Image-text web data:
☆ ☆ ☆
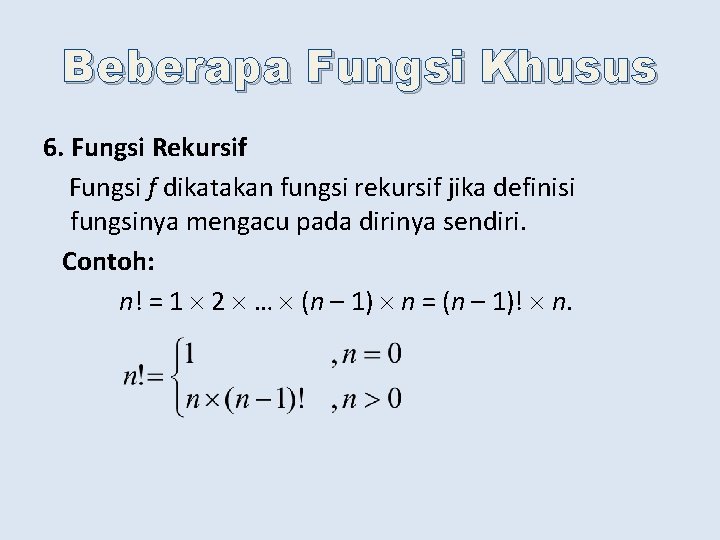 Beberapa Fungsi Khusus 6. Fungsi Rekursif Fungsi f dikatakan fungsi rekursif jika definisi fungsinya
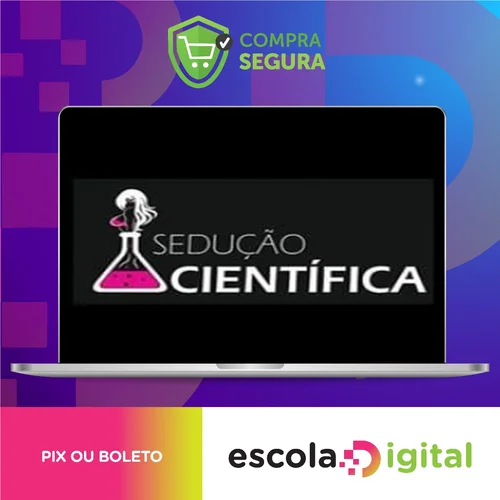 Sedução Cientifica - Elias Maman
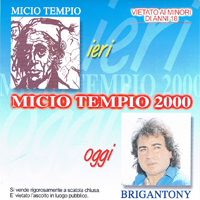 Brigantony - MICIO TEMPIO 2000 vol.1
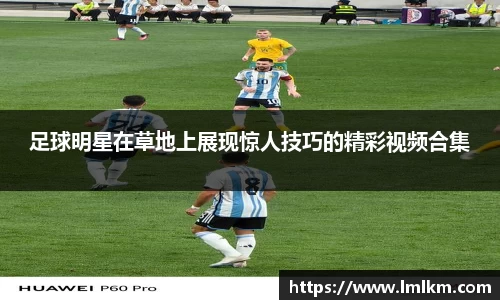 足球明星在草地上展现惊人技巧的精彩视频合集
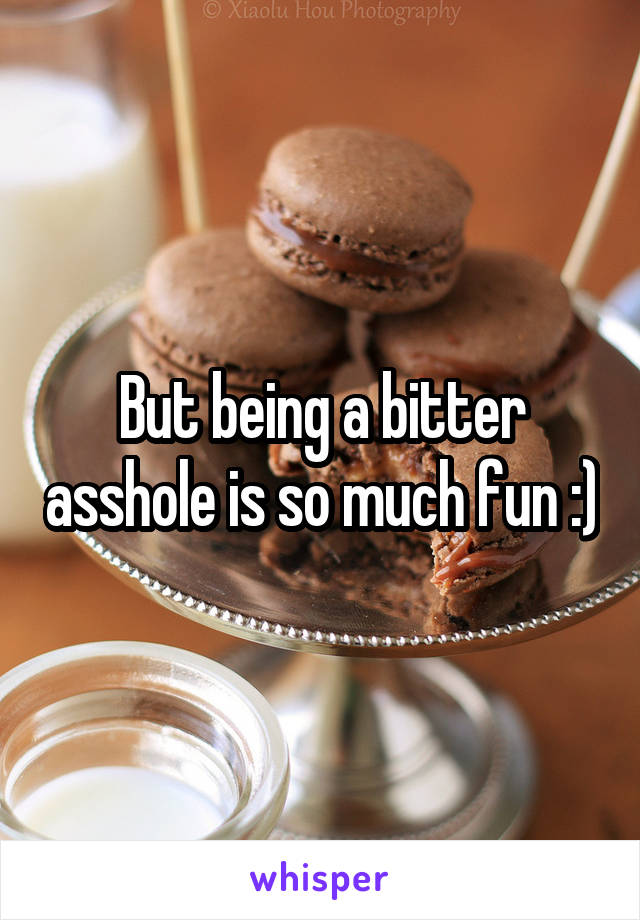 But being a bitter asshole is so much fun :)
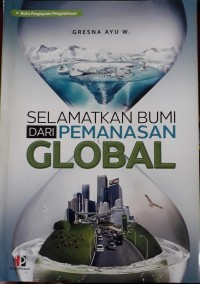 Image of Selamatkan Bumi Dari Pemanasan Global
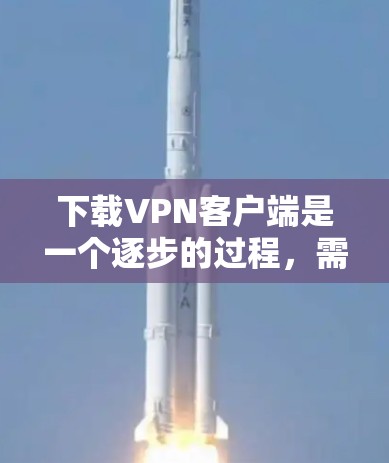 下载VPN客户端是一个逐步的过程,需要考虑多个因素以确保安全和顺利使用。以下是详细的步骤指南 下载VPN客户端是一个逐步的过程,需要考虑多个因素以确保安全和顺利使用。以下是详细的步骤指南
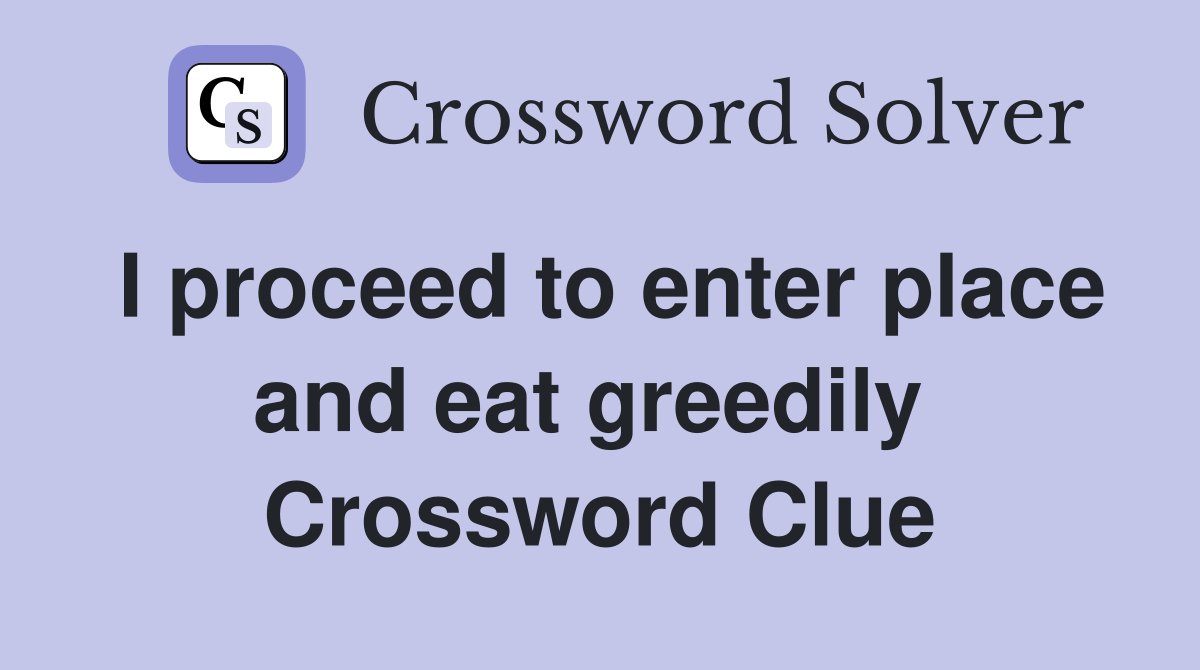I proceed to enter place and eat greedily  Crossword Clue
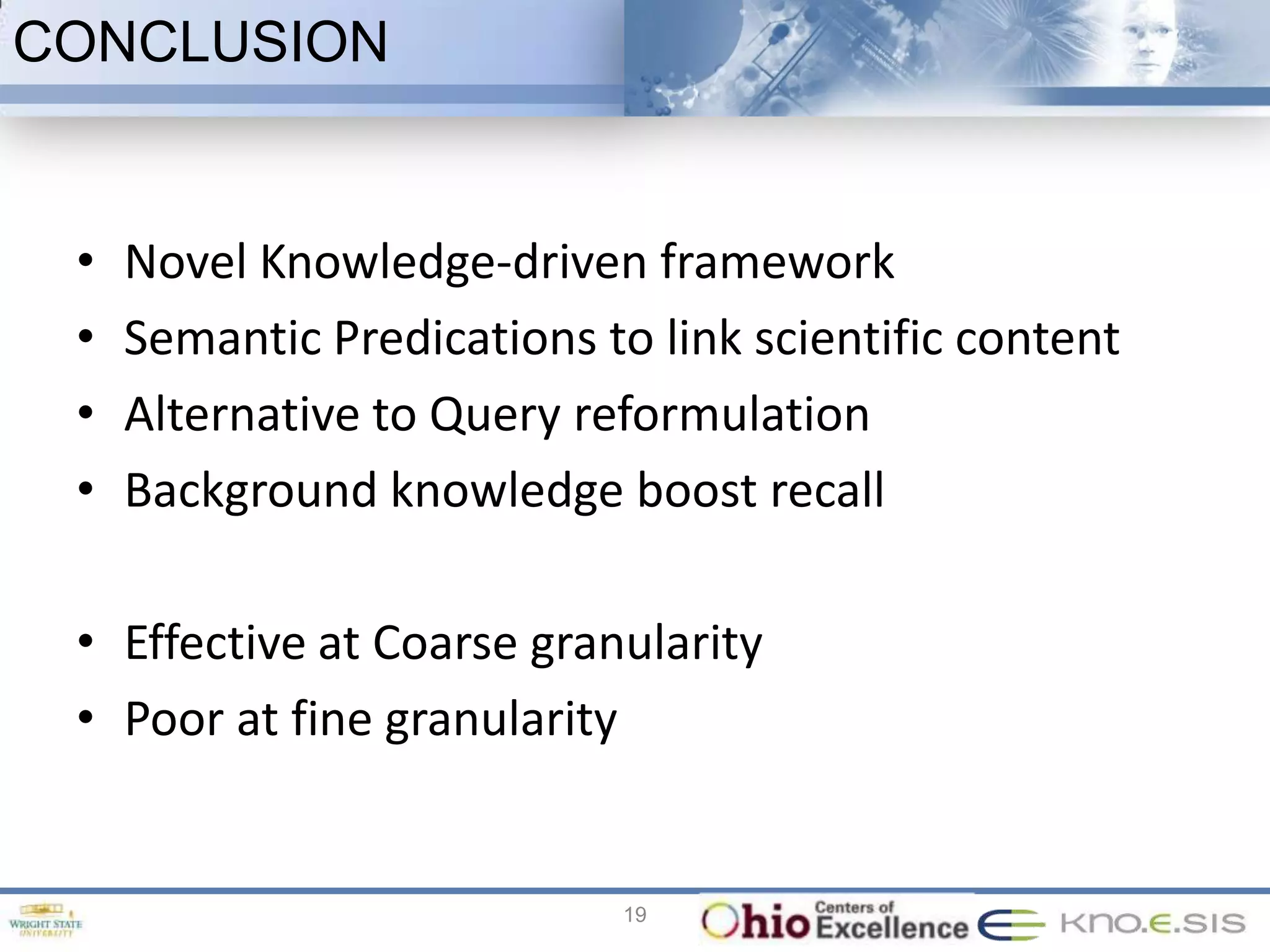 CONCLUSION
☆ ☆ ☆
● WHAT THE TASK ASKS:
In your copy, include no pictures, but reproduce all records exactly.

● SOLUTION TO THIS EXERCISE:
 Beberapa Fungsi Khusus 6. Fungsi Rekursif Fungsi f dikatakan fungsi rekursif jika definisi fungsinya
 Sedução Cientifica - Elias Maman
 Brigantony - MICIO TEMPIO 2000 vol.1
 足球明星在草地上展现惊人技巧的精彩视频合集
 But being a bitter asshole is so much fun :)
 Image of Selamatkan Bumi Dari Pemanasan Global
 下载VPN客户端是一个逐步的过程,需要考虑多个因素以确保安全和顺利使用。以下是详细的步骤指南 下载VPN客户端是一个逐步的过程,需要考虑多个因素以确保安全和顺利使用。以下是详细的步骤指南
I proceed to enter place and eat greedily  Crossword Clue
 CONCLUSION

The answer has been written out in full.